Tekst ten jest odpowiedzią na notkę Pana Terlikowskiego, w którym (jak i politycy PiS) dokonał On zawłaszczenia katastrofy Smoleńskiej.
10 kwietnia nie był dniem pozbawionym emocji. To wiemy na pewno. W końcu była to pierwsza rocznica katastrofy, w której zginęło 96 reprezentantów Polski – różnych frakcji i poglądów. Zginęli wszyscy, podczas jednego feralnego lotu. Bez względu na relacje między sobą, poglądy, cokolwiek. Zginęli tragicznie.
Jednak w rok później widzimy, że zginęła tylko jedna, no dwie osoby. Prezydent Kaczyński wraz z małżonką. Takie wrażenie można odnieść, słuchając słów prominentnych działaczy PiS. Takie wrażenie można odnieść czytając wpis Pana Terlikowskiego.
„nie zmienią faktu, że jak na razie jedyną ofiarą mordu politycznego jest polityk PiS, a nie PO”
Taki oto fragment pojawia się w końcowej części wypowiedzi Pana Terliowskiego, w której broni On ludzi zgromadzonych na Krakowskim Przedmieściu. Co do obrony – każdy ma do niej prawo. Każda strona tego konfliktu dopuściła się nadużyć i chamskich zagrywek. Te wyzwiska, z obu stron i obraźliwe symbole (porównywanie do hitlerowców i bolszewików) były niepotrzebne. Tak samo jak sprzątanie zniczy na dzień po.
Jednak, co mnie rusza najbardziej, to najgorsze w tym wszystkim jest chamskie i bezczelne zawłaszczenie katastrofy, przez działaczy związanych z Kaczyńskim. Mówienie, jak Pan Terlikowski, że „mordu” dokonano tylko na PiS. Że to PiS najbardziej ucierpiał i to PiS jedynie pamięta.
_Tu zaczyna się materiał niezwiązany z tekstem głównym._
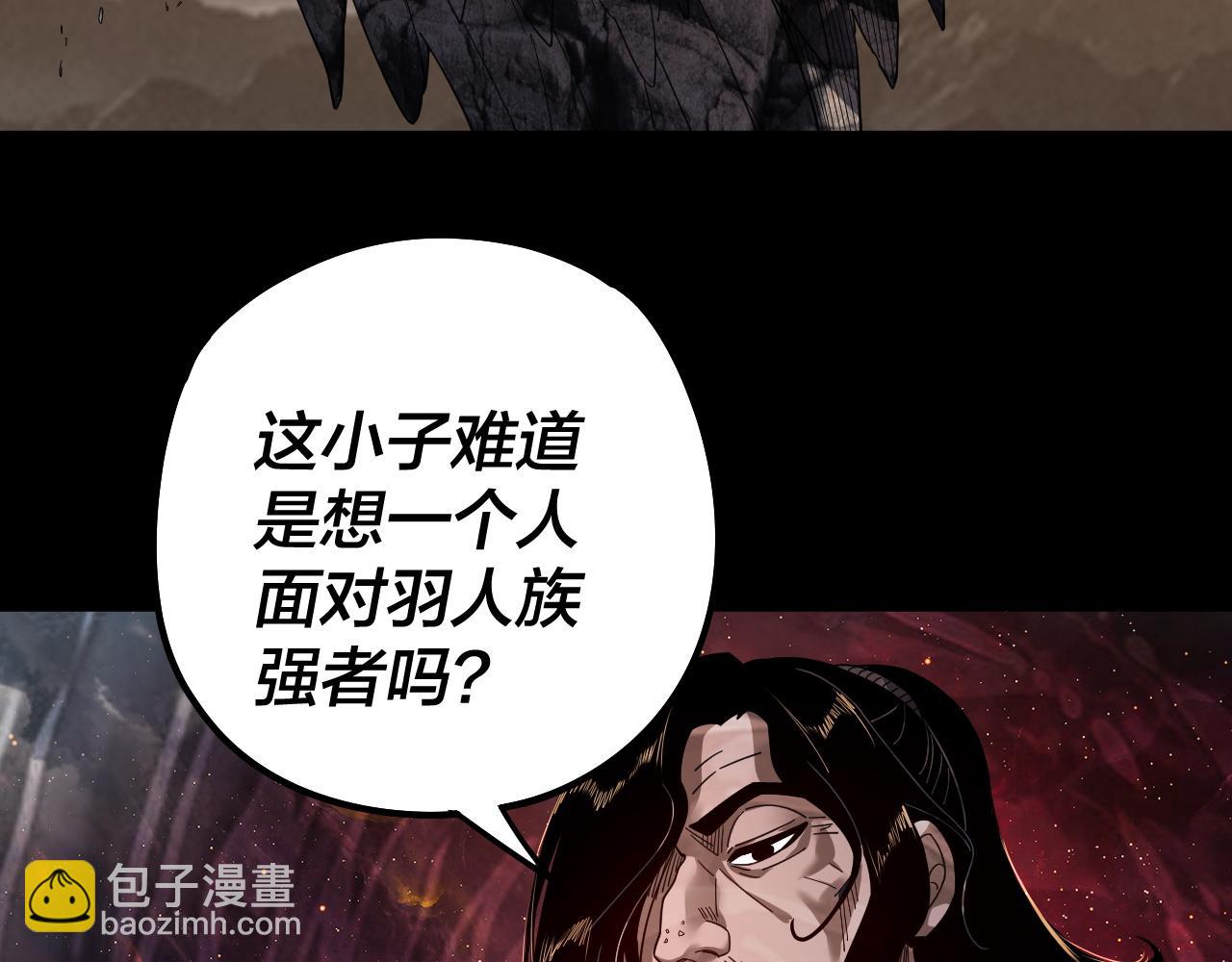 我！天命大反派（隔週雙更） - 第82話 嘎嘎亂殺(2/3) - 3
Ja tylko przypomnę, z listy ofiar:
Delegacja poselska:
Leszek Deptuła - PSL
Grzegorz Dolniak - PO
Grażyna Gęsicka - PiS
Przemysław Gosiewski - PiS
Izabela Jaruga-Nowacka - Unia Pracy
Sebastian Karpiniuk - PO
Aleksandra Natalli-Świat - PiS
Arkadiusz Rybicki - PO
Jolanta Szymanek-Deresz - SLD
Zbigniew Wassermann - PiS
Wiesław Woda - PSL
Edward Wojtas – PSL
Senatorzy:
Janina Fetlińska - PiS
Stanisław Zając - Zch-N
Do tego dodać trzeba osoby niezrzeszone w żadnej partii, wojskowych, BOR. To jasno pokazuje, że katastrofa ta, to nie tylko kadry PiS. To nie tylko Prezydent Kaczyński wraz z żoną. To także, a może i przede wszystkim?, 94 inne osoby. Osoby, które niekoniecznie jechały tam z pobudek politycznych. Osób, które jechały tam żeby działaczy politycznych chronić. Żeby ich przetransportować. Te wszystkie 96 ofiar, to 96 rożnych i tak samo ważnych tragedii – o czym działacze skupieni wokół PiS, Gazety Polskiej, Solidarnych2010 i innych, zapominają.
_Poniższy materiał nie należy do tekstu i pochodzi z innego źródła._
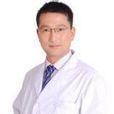 王文俊(整容專家) 王文俊(整容專家)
Bo to, jak mówi Pan Terlikowski, mord polityczny na PiS. I nic więcej. Jakby w tym samolocie nikogo innego nie było. Jakby to wokół PiS świat się jedynie kręcił. Tylko jak wytłumaczy On, że na 14 osób delegaci Polskiego Parlamentu, 8 to delegaci innych partii? Że na 96 ofiar katastrofy, 87 osób, to osoby bez przynależności partyjnej do Prawa i Sprawiedliwości?
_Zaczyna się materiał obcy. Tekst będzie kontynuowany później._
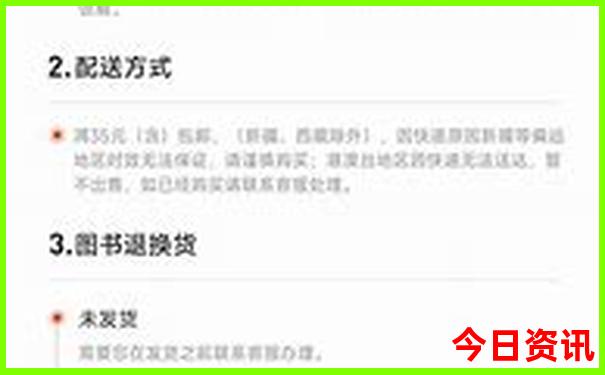 东北景点旅游推荐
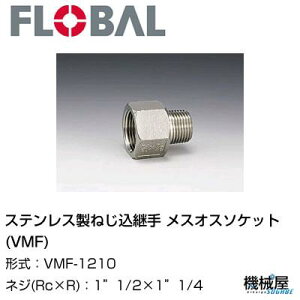  XIX\Pbg(VMF)@1"1/2×1"1/4 VMF-1210t[o@04101418@XeX˂p FLOBAL//XeXz/z/i/@B/Hp/×/C/KX/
Tego raczej nie wytłumaczą, bo to jest nie ważne. Zginął Prezydent – najwyższa osoba w Państwie. Był On związany z PiS i tylko to się liczy. To, ze mimo śmierci pozostałych osób, zginął Prezydent – reszta jest nieważna. Ważny był i jest tylko Lech Kaczyński – a teraz raczej jego brat, który zyskuje „monopol na katastrofę”.
I Panie Terlikowski, oraz inne osoby podobnych poglądów, może właśnie dlatego inni tak się zachowują w Wasza stronę?
Daniel Kaszubowski - bydgoszczanin, lewak
Nie cenzuruje i nie zgłaszam nadużyć administracji. Uwagi na temat moich poglądów nie dotykają mnie. Tak samo jak gdybania o mój status majątkowy, wiek i orientację seksualną.